Brexiteers and Scottish nationalists are united by a disturbing enthusiasm for censorship – Euan McColm
Some weeks, the only exercise I get is shuddering with rage at outbursts from the ideologues currently cluttering up public life. Barely a day goes by without some exasperating high-profile Brexiteer or Scottish nationalist lashing out at the dark forces that conspire against them. Top of the list of establishment enemies for both groups is the BBC.
To the Eurosceptic crank, the national broadcaster is complicit in a concerted effort to undermine Brexit. To the furious (the default setting) Scottish nationalist, the Beeb played a leading role in the No campaign’s victory in the 2014 independence referendum. It’s much easier, I suppose, for them all to lash out at the corporation than it is to reflect on the flaws in what pass for their political plans.
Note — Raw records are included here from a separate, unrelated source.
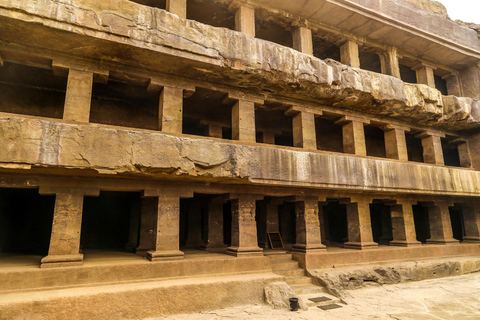 Betaalbare taxirit van Aurangabad naar de Ajanta &amp; Ellora grotten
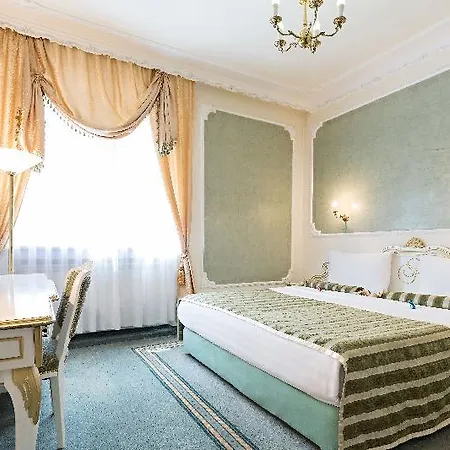 Queen's Astoria Design Белград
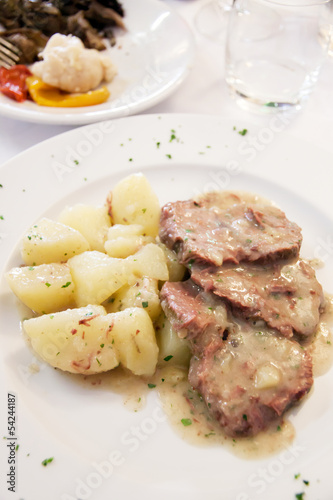 Italian beef with potatoes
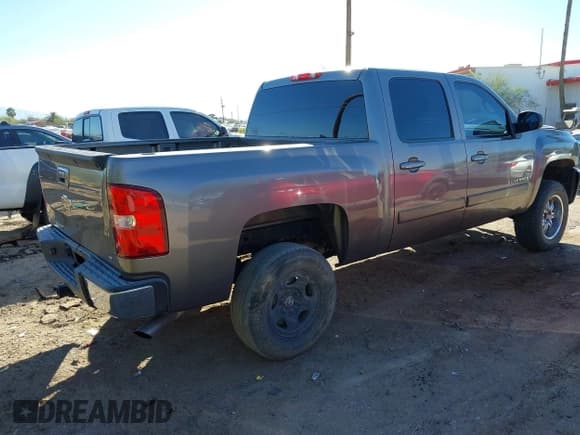 ✅ 2008 Chevrolet Silverado 1500 LS • VIN: 3GCEC13C88G236167 • Lot: 43619904. Listed on IAAI with 171,405 mi. Free auction sales archive from the USA and detailed vehicle history report at DreamBid. Image 4.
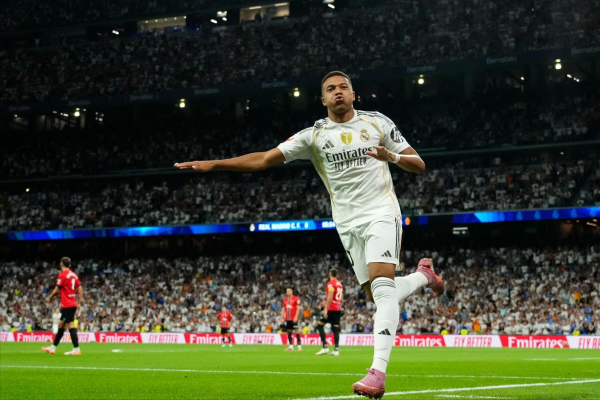 刺激夜: 皇马2-1, 巴黎6-3, 罗马1-0, 拜仁3-2, 曼联3-2, 马竞1-1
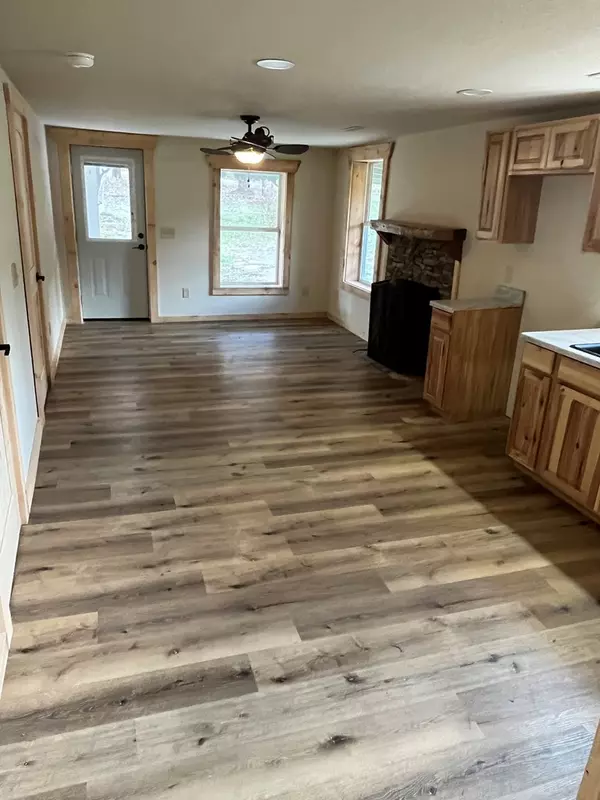 Young Harris, GA 30582,6489 Crooked Creek Road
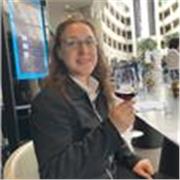 Insegnante part-time di lingue, lavoro all’estero e ho trascorso sei anni a New York. Offro lezioni online serali e weekend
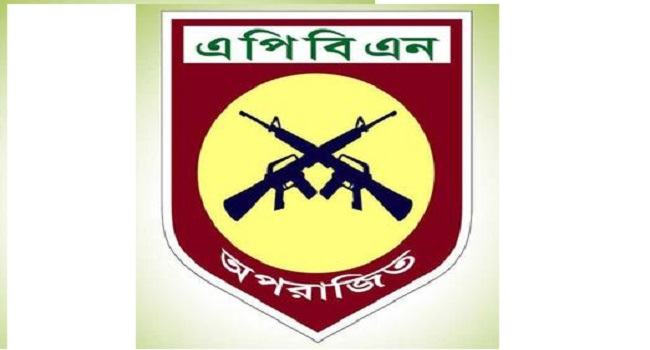 উখিয়ায় ইয়াবা ও জাল টাকাসহ ৩ পুলিশ গ্রেফতার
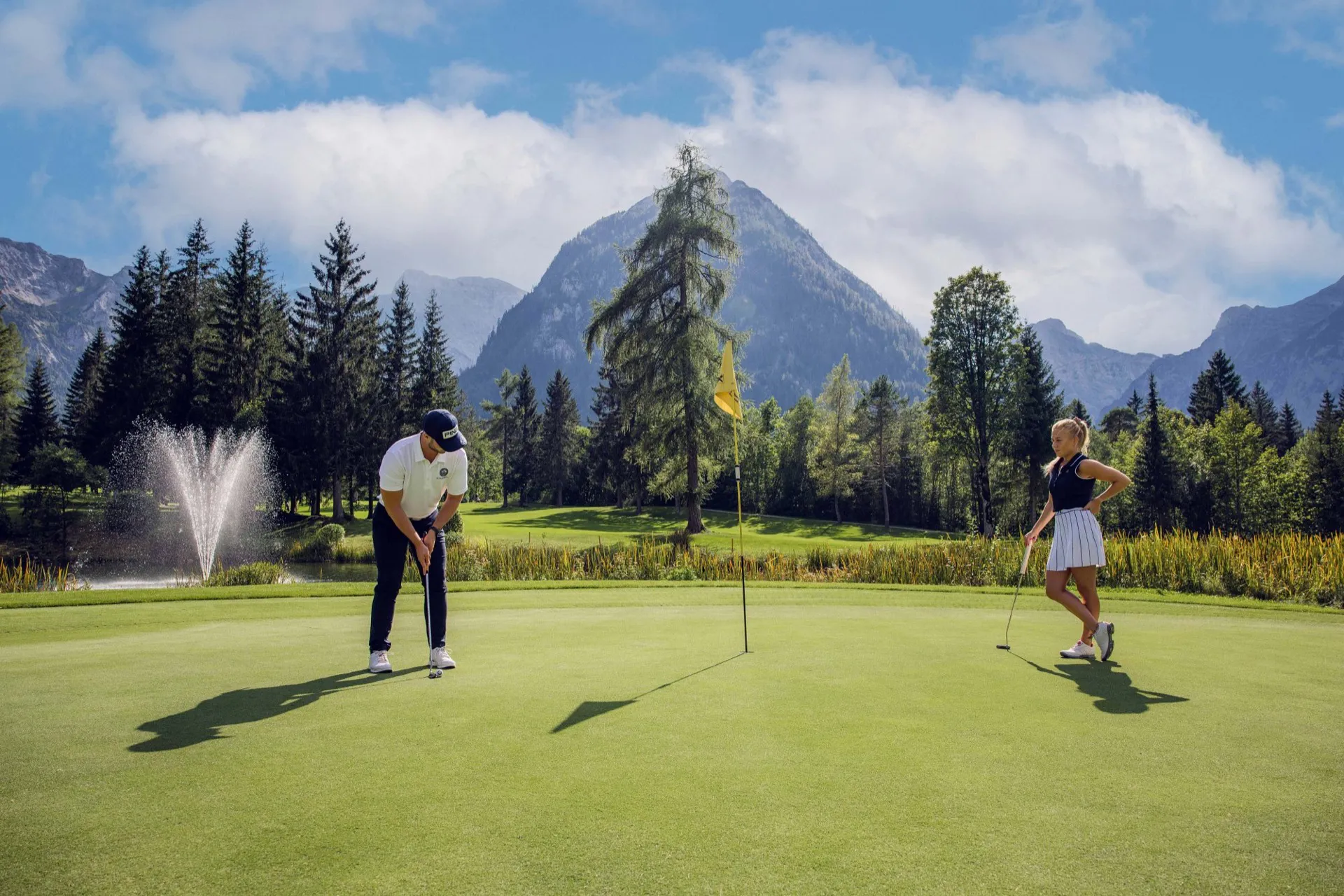 Golfplatz am Achensee mit Karwendel-Panorama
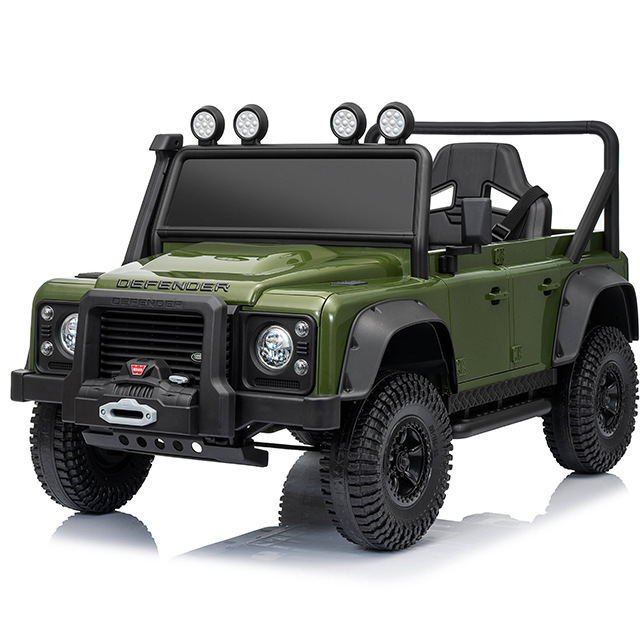 新款许可路虎卫士儿童电动车四轮带遥控汽车可坐小孩可摇摆玩具车白底实物图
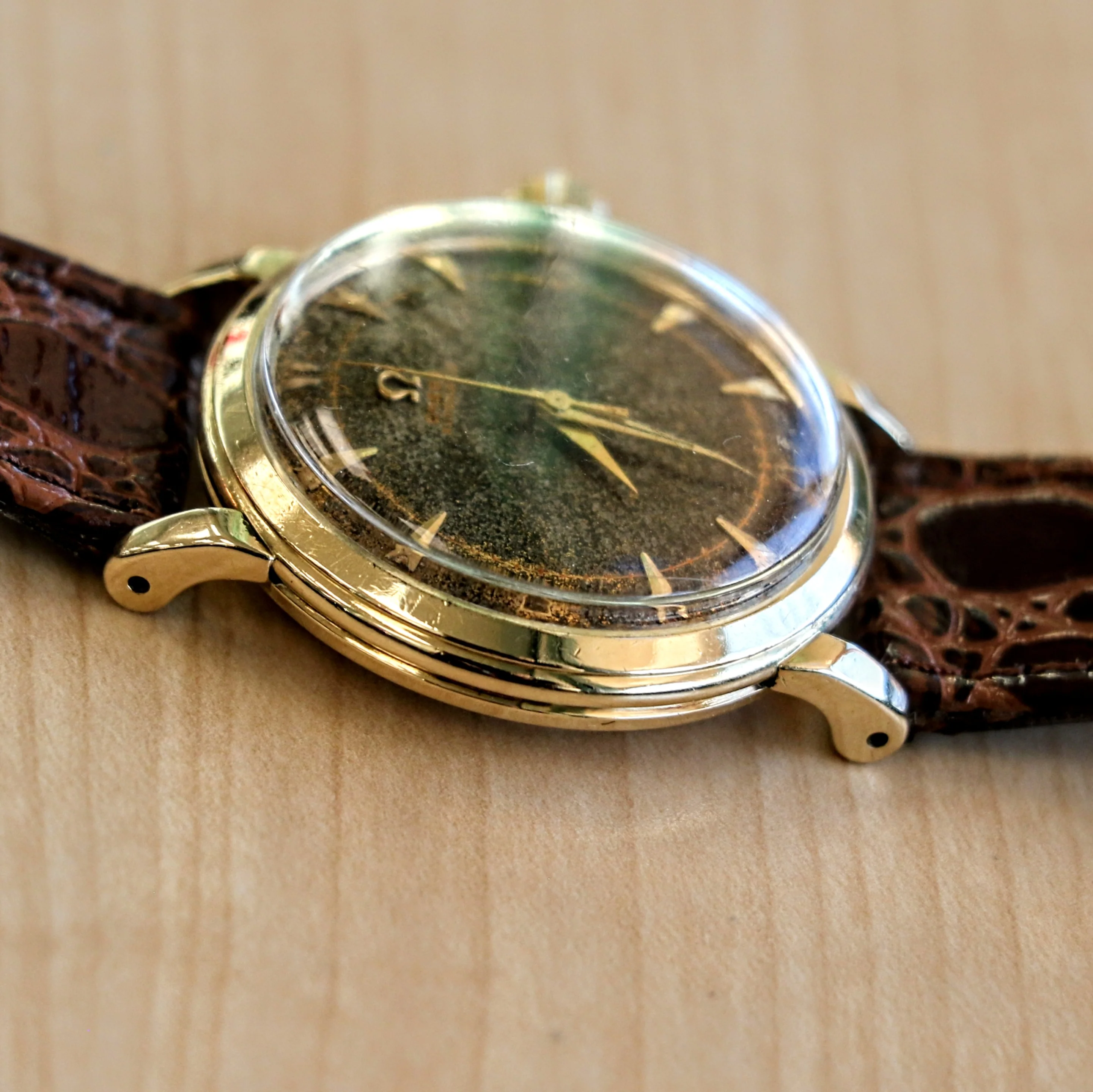 1952 OMEGA Automatic Wristwatch 14K SOLID GOLD Ref. G6525 Vintage Bumper Automatic Wristwatch - Image 13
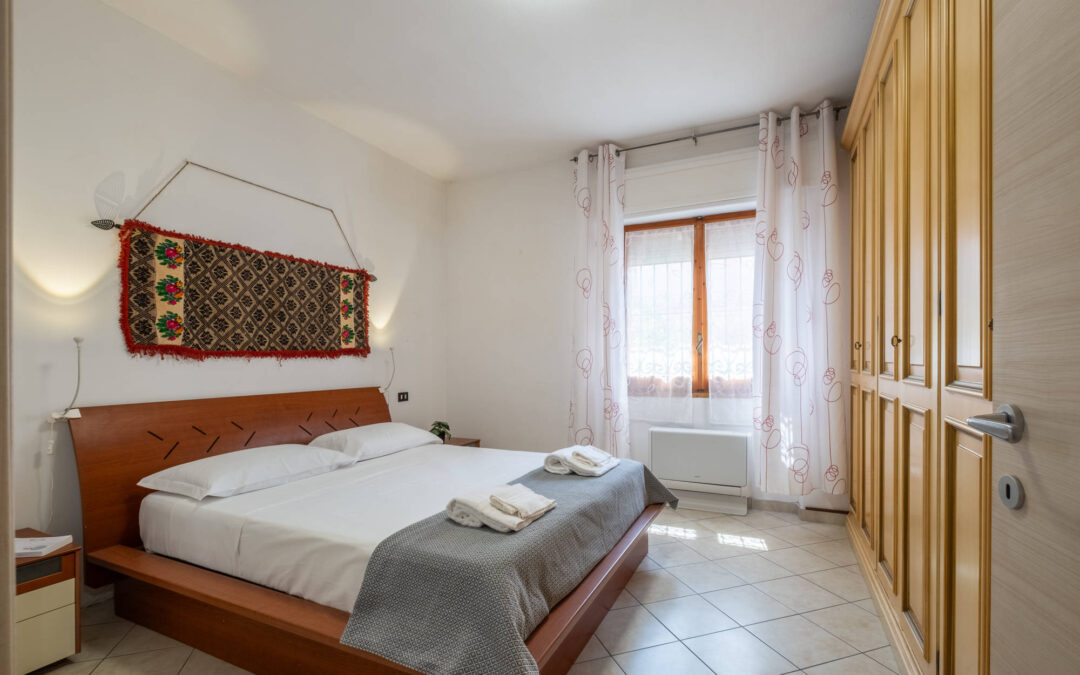 Wi-fi a 5 minuti dal mare e Parco Molentargius5 ospiti - 3 camere da letto - 4 letti - 1,5 bagni (anche di servizio)Dettagli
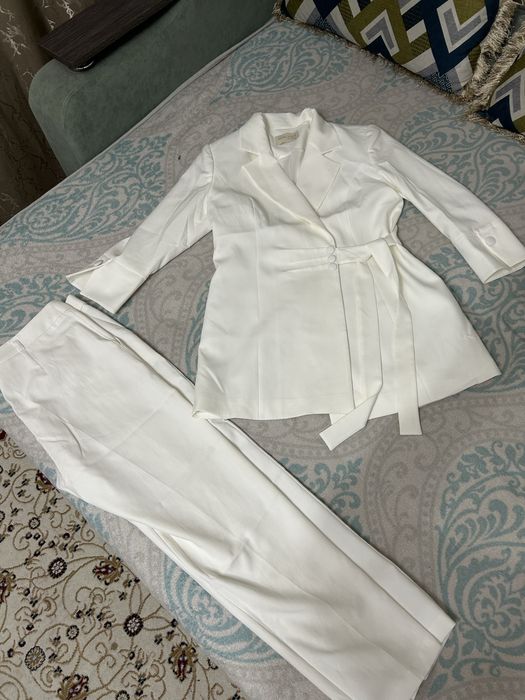 Продам белый брючный костюм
But, man, it’s exhausting for the rest of us.
The latest attacks on the BBC from these twins of contemporary populism are especially ludicrous. Brexiteers – fired up by former Tory MP and current bore Harvey Proctor – are incandescent that during the televised coverage of the Last Night of the Proms, several members of the audience could be seen waving EU flags. This, said Proctor, was “disgraceful”, adding that the BBC should launch an inquiry.
It’s not entirely clear what such an inquiry might achieve. So far as I am aware, the BBC has no authority to prevent anyone waving EU flags within the Royal Albert Hall. It would be troubling, indeed, if the broadcaster was able to do such a thing.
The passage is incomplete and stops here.